┏━━
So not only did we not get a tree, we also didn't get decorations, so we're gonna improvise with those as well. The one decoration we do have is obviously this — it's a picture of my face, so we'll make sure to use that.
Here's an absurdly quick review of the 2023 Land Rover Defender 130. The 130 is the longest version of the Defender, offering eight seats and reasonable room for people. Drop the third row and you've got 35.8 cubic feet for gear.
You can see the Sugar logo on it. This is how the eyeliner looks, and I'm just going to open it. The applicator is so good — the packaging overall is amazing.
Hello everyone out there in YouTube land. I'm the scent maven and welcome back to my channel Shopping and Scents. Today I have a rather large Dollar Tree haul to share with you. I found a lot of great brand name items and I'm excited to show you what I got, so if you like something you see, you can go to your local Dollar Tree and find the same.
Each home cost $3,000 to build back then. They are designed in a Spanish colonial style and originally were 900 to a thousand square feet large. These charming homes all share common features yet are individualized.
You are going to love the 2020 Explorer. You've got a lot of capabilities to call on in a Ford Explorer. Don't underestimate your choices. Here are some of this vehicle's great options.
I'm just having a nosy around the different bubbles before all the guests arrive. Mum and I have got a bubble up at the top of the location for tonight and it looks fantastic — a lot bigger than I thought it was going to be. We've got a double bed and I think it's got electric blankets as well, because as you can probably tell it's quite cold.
┗━━
┏━━
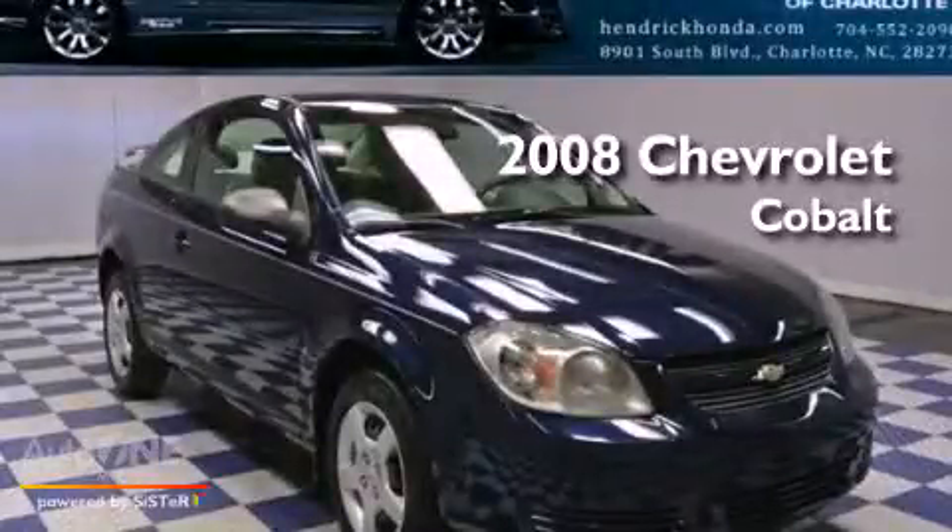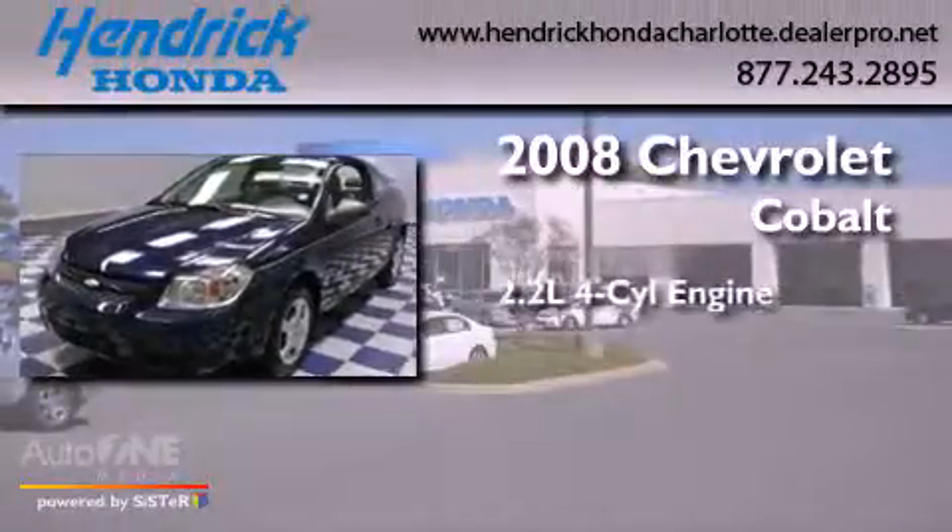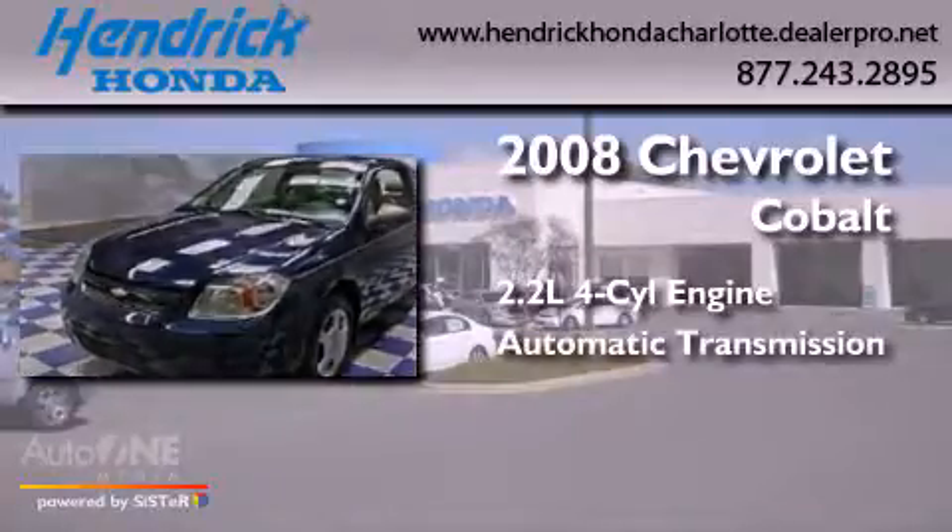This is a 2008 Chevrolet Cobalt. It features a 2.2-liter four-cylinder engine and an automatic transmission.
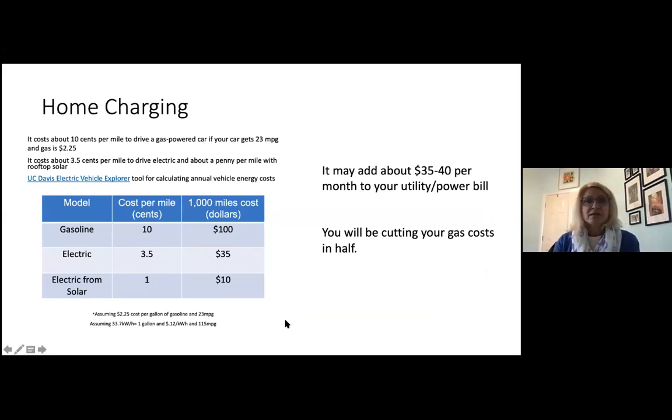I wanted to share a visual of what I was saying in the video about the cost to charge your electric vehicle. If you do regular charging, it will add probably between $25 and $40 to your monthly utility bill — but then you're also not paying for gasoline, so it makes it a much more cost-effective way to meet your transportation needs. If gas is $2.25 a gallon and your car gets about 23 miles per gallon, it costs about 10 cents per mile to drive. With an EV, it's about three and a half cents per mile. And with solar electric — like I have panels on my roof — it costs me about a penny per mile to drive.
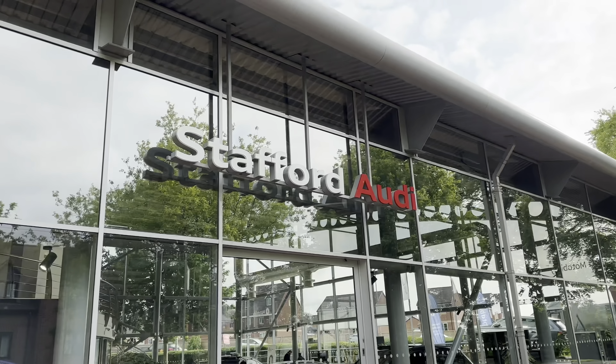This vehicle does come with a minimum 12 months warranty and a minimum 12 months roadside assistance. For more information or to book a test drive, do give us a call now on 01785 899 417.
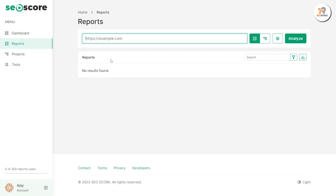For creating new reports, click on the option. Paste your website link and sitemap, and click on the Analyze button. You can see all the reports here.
┗━━
What is expected ▸
Reproduce the records above exactly, but only from the line with "This vehicle does" up to and including the line with "For creating new". Leave the pictures out.

Task response ▸
This vehicle does come with a minimum 12 months warranty and a minimum 12 months roadside assistance. For more information or to book a test drive, do give us a call now on 01785 899 417.
For creating new reports, click on the option. Paste your website link and sitemap, and click on the Analyze button. You can see all the reports here.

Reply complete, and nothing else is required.